A few years ago I was working in a walk-in clinic, and a woman, I’ll call Sara, came in for concerns regarding vulvodynia (chronic, unexplained pain of the vagina). Vulvodynia was not within the usual scope of practice in the walk-in clinic where we focused mostly on minor illnesses and injuries.

It was a quiet morning at the walk-in clinic, so I agreed to talk with Sara. Her story unfolded as a long and tragic history of pain and a disturbing account of seeing many specialists who were unable to help her. Sara even had a hysterectomy as recommended by one of the medical experts, and yet her symptoms remained.

While Sara’s story was unique, it was also similar to many patients I have spoken with who suffer from chronic, debilitating symptoms, have consulted with experts, and continue to suffer without answers or hope.

Disturbing trends in healthcare.

We are getting sicker. Children today are growing up with a decreased life expectancy for the first time in generations. Healthcare costs have sky-rocketed. Health care workers are under tremendous stress. And people with multiple health concerns are rushed through their appointments.

As a family nurse practitioner, I wasn’t willing to accept that we don’t have more to offer people who need our help. We have to do better. There must be a better way.

I’ve always viewed my patients through a holistic lens, but it wasn’t until I came across functional medicine when I knew I had found a scientific, systems-based approach that made sense and showed promise for helping people who were not being helped by conventional medicine.

Functional medicine (FM) addresses health through an investigative, systems based approach, utilizing cutting edge science.

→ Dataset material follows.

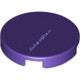 Деталь Лего Плитка Круглая 2 х 2 С Креплением Под Штырек Снизу Цвет Темно-Фиолетовый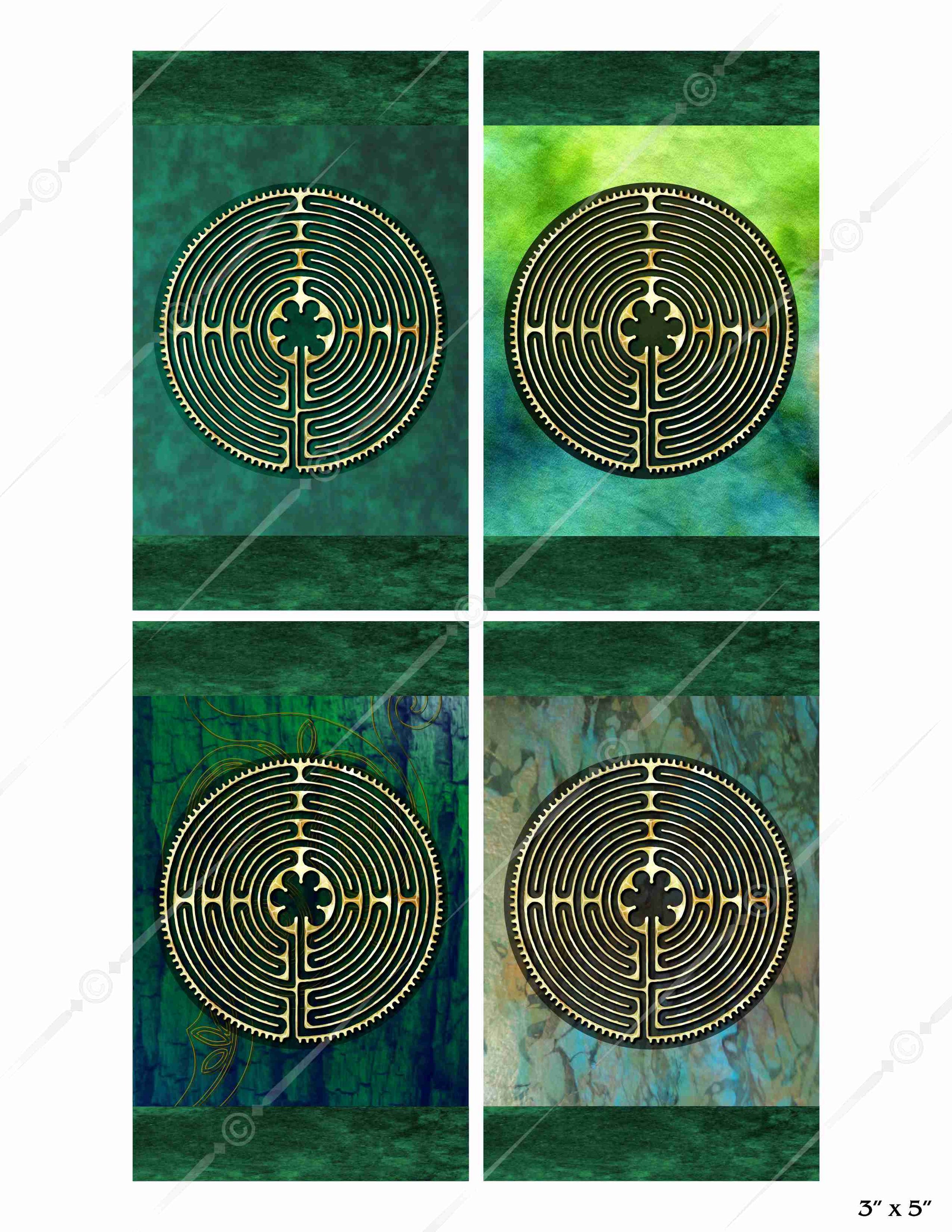 Chartres Cathedral Finger Labyrinth Digital Download – Celtic Art Store ...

Functional medicine came about in the early 1990’s. In the last few years, it’s gaining popularity due to the need for an effective approach to today’s growing population who are suffering from chronic health problems. Functional medicine is also growing due to the many doctors, and other clinicians who are drawn to functional medicine in the same way as I have, to meet the needs of their patients in a more meaningful way.

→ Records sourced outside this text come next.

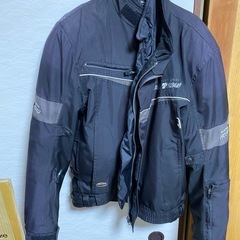 ROUGH ROAD ツーリング用ジャケット ブラックの画像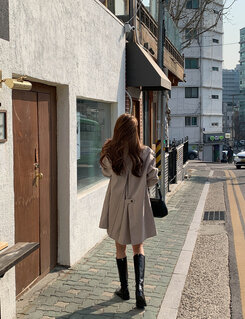 (高品質)ハーフトレンチコート BEIGE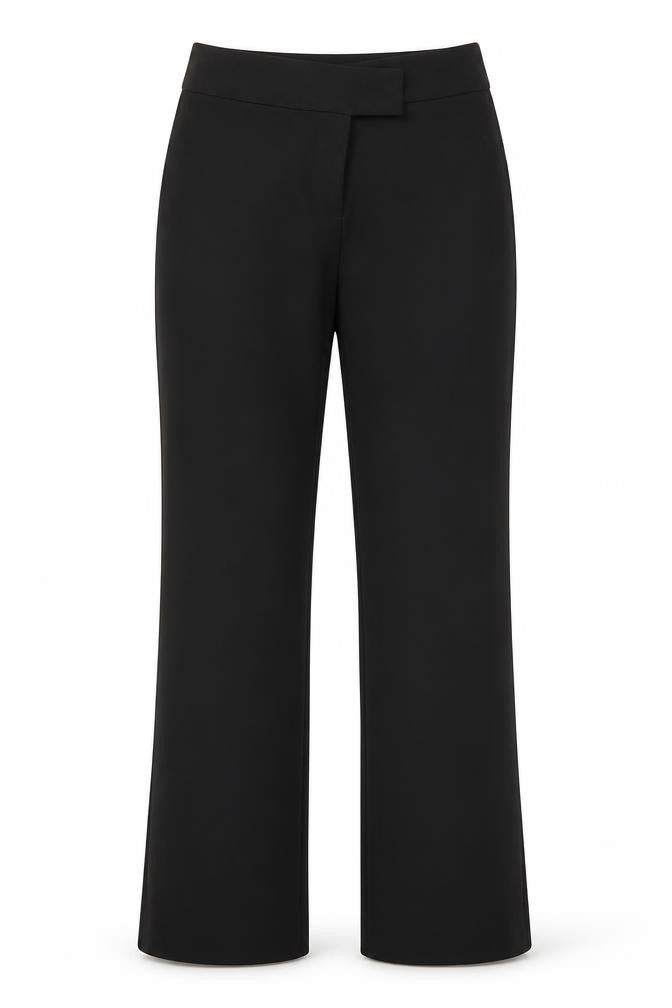 Front view of George women’s black dress pants trousers, size UK 10, 30-inch leg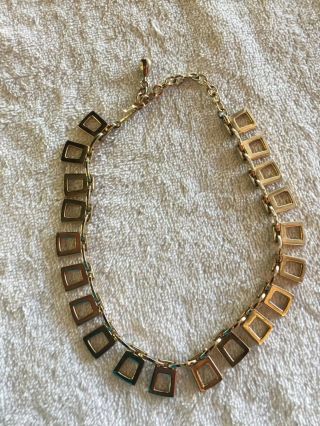Vintage Barclay Gold Tone Choker Necklace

Functional medicine is leading the charge to evolve medicine.

In September 2014, the Cleveland Clinic opened a Center for Functional Medicine in collaboration with the Institute for Functional Medicine. Since it’s opening, the Cleveland Clinic, Center for Functional Medicine has expanded in an attempt to meet growing demand. We are likely to see additional prestigious centers of medicine following the lead of the Cleveland Clinic soon.

Meanwhile, clinicians are creating their functional medicine practices independent from the dictates of conventional health care systems and insurance companies that value production and profit over health. We are uninspired by the conventional medicine approach of focusing on production over health and prescribing medications to mask symptoms rather than identify and address root causes.

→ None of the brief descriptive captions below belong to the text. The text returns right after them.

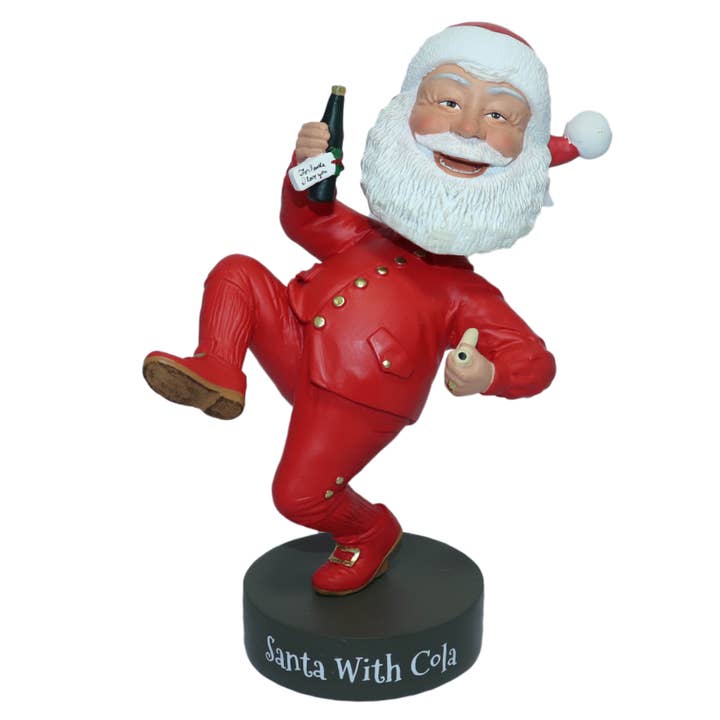 Norman Rockwell's 'Santa With Cola' Bobblehead Figurine for wholesale by Bobbletopia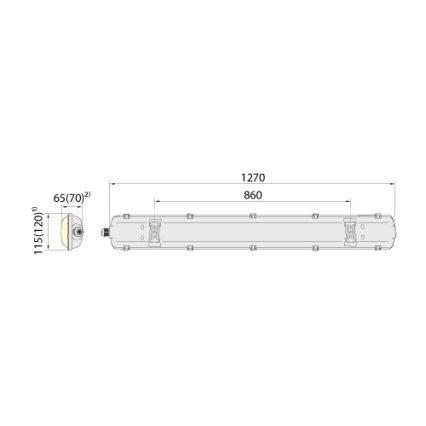 Lampada fluorescente tecnica 2xG13/18W/230V IP65 1200mm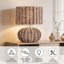 Lampe de table en rotin de 40 cm avec ampoule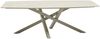 Gartentisch Como, Aluminium, Beige, 220 x 75 x 100 cm Bild 2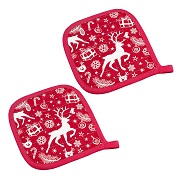 Набір прихваток кухонних Home Line червоний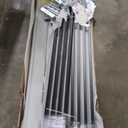 12'x20' Heavy Duty Metal Carport, Outdoor Garage Car Shelter Shade with Heavier Frame, Galvanized Roof for Car and Boats, Grey (Gray)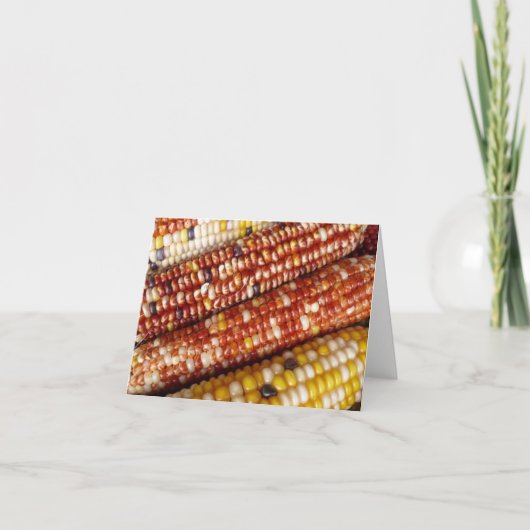 Indische Korn Dank je notiecards Bedankkaart (Voorkant)
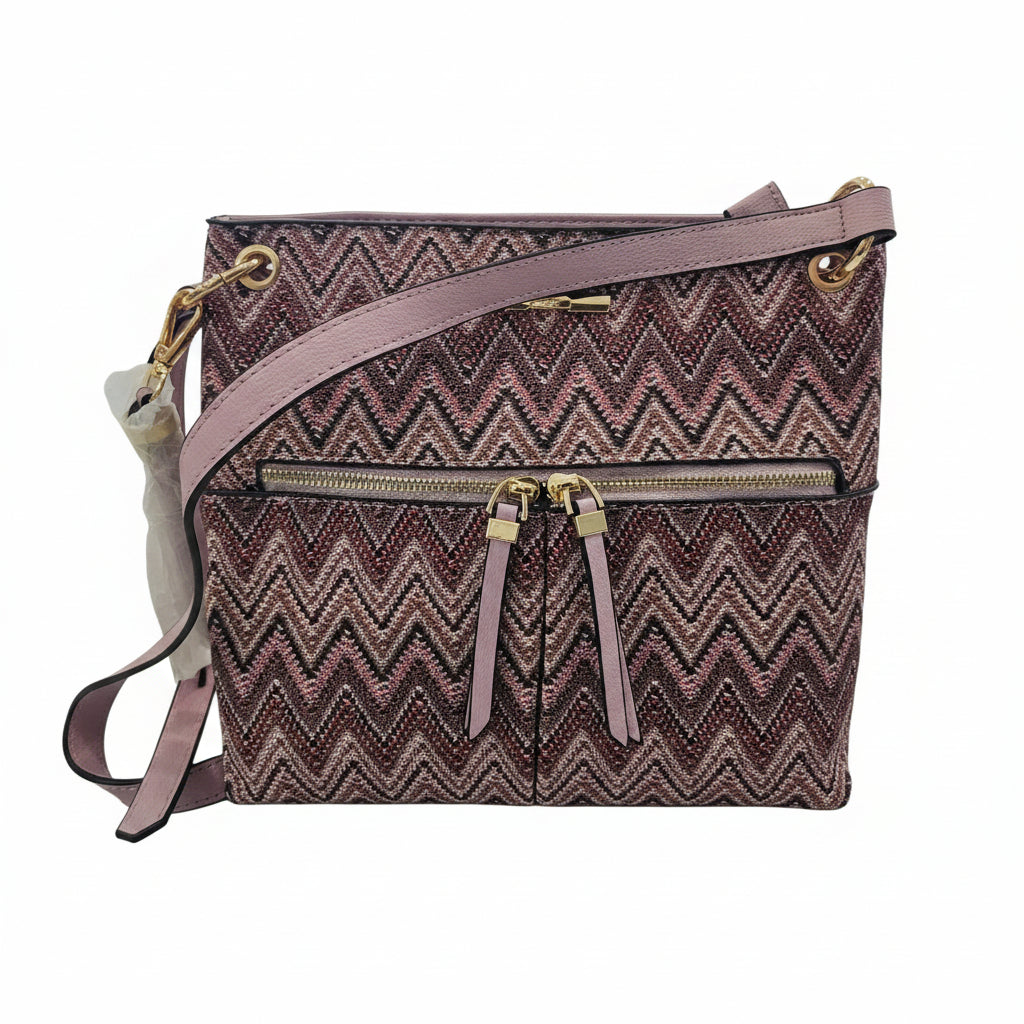 Zuma Woven Crossbody Bag Magenta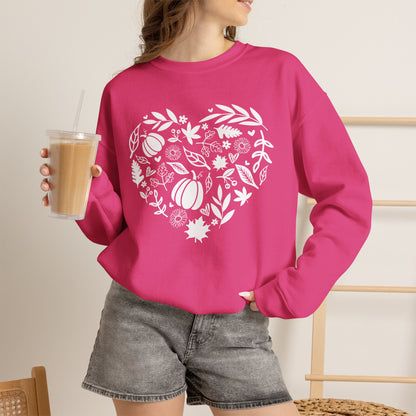 Fall Heart Unisex Heavy Blend™ Crewneck Sweatshirt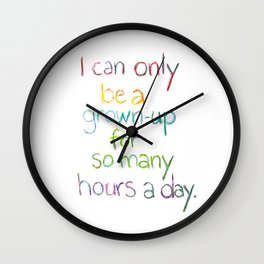 Grown-up Hours Wall Clock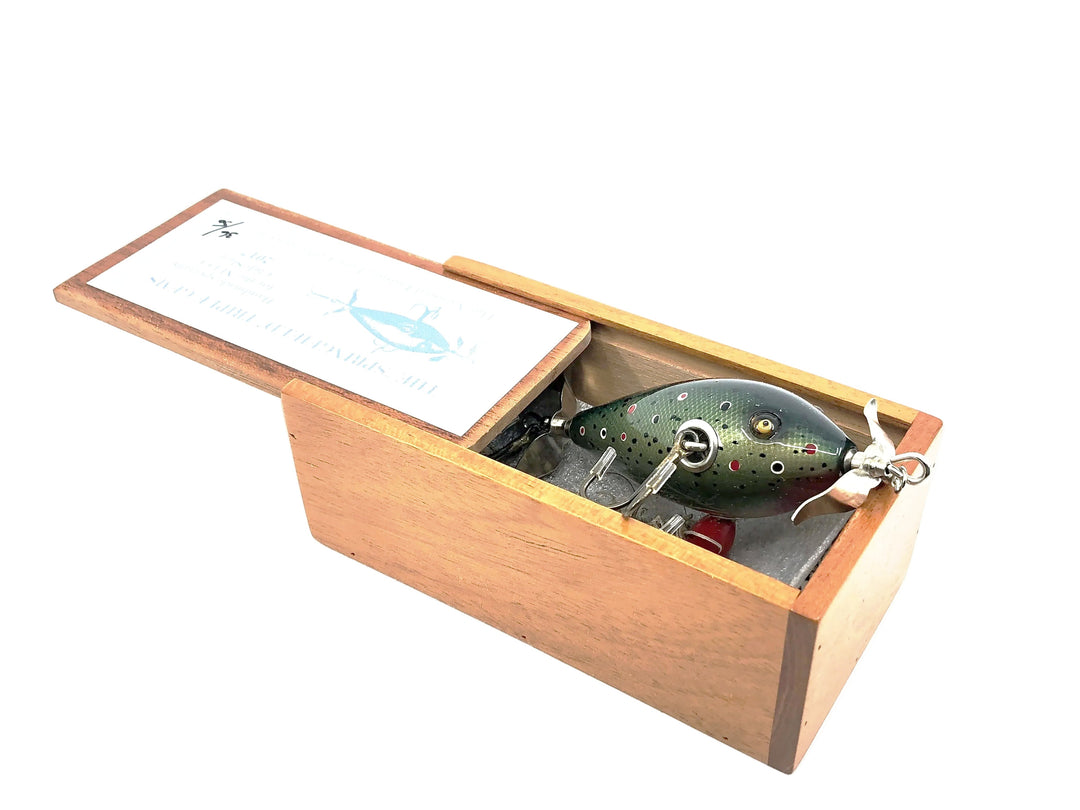 T.R Fish Custom Lures & Blank NFLCC Collectors Club 2017 Limited Edition Club Lure "Springfield" Triple Gems, Brown Trout w/Box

How functional medicine differs from conventional medicine.

Your FM clinician will take the time to get to know you and your history. Nutritional and lifestyle recommendations will be identified that will help you to reach your health goals. Lab tests will be carefully selected to evaluate your health and monitor your progress. Treatment protocols will be designed to address your unique circumstances and physiology.

Functional medicine requires a partnership between the patient and the clinician. As a patient, you will take an active role in your health. You will need to be willing to optimize your nutrition and your sleep. You will be encouraged to address stress and include regular exercise into your daily routine. You will be guided to minimize your exposure to environmental toxins.

Medicine is evolving.

I visited with Sara for almost 30 minutes. Toward the end of our visit, I asked if she was aware of functional medicine. She lit up and said yes. Her sister was working with a functional medicine doctor and had been trying to get Sara to work with her too. I encouraged Sara to consider seeing her sister’s functional medicine doctor.

I never heard from Sara again. I hope she found the help she was looking for. Every day I meet people like Sara. People who need help and aren’t finding it in conventional medicine. Fortunately, functional medicine is becoming better known; more clinicians are studying functional medicine and starting up their own practices. Medicine is evolving.